Ours was the only vehicle on the remote dirt track when Kathryn stopped to pull out her binoculars. I searched the empty landscape, having already learned that where I saw an expanse of parched grasslands, she saw life.
All was silent save the ping of the diesel engine. I closed my eyes and pulled my neck scarf close. There was still a chill in the early November morning.
Kathryn killed the engine. I opened my eyes to the shimmering mirage of the vast Etosha salt pan as it emptied into the wide grasslands and followed her line of vision to a singular figure. Patterning the golden scrub grass, a spotted head, barely discernible, turned our way.
Cheetah, Kathryn said, confirming my unspoken hope.
The word alone hardly attested to the magnificence of the moment nor conveyed the excitement it produced as one solitary figure morphed into two, then three, four and five.
Cubs, Kathryn whispered, her voice tinged with anticipation and delight as the wild cat and her young cautiously approached and closed the distance to within a few feet of the Land Cruiser.
The sight generated an urge I struggled to make sense of.
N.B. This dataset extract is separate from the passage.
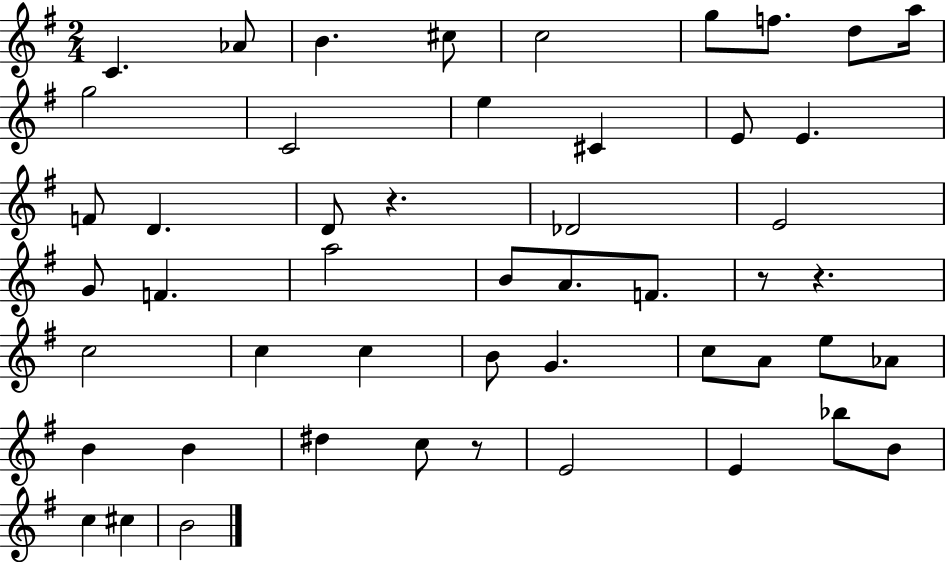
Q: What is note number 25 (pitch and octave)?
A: A4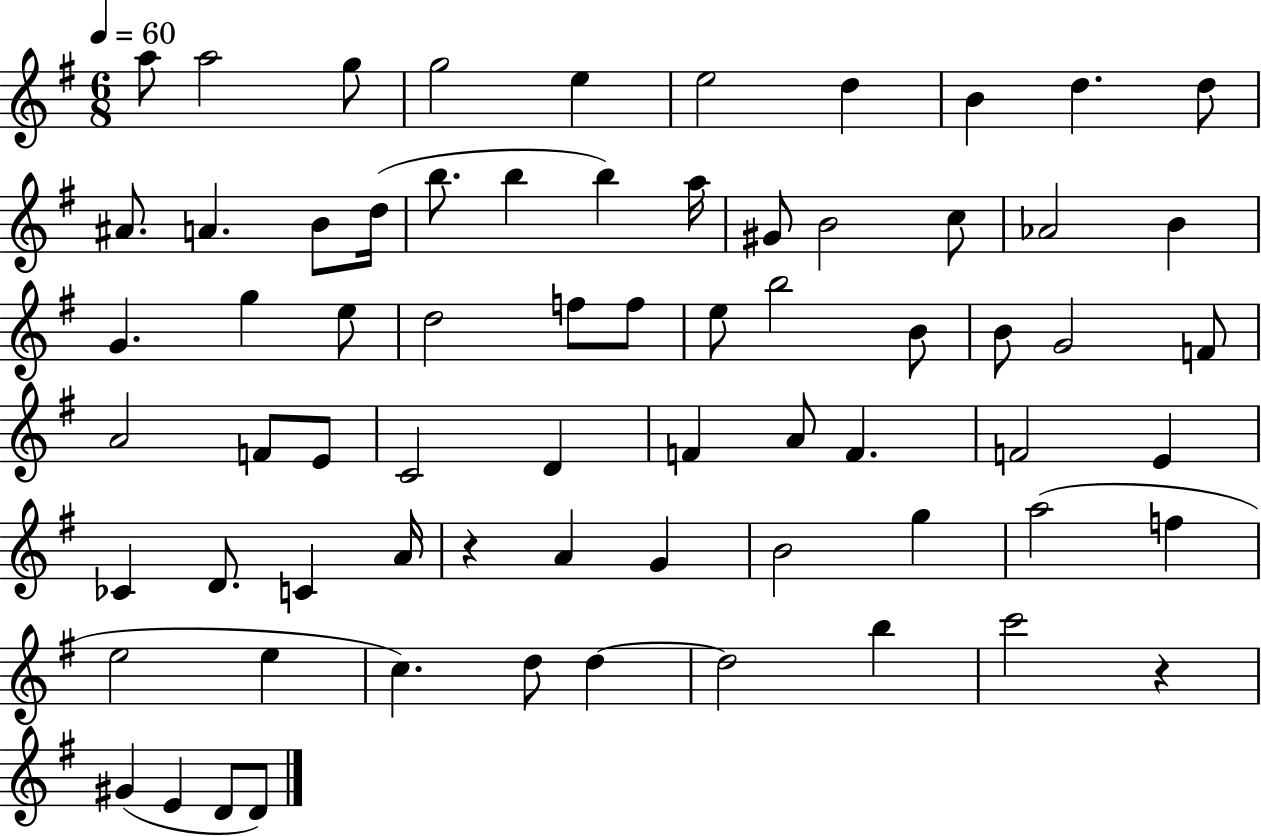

How could I communicate nature’s camouflaged brilliance, the elegance of movement, or the providence that had delivered the moment?
My photographer’s instinct kicked in as I attempted to capture the scene. But as time passed, I came to experience a different desire, a cameraless one that required more awareness than documentation. My flurry of shutter clicks soon dissipated into an elaborate sense of awe and wonder.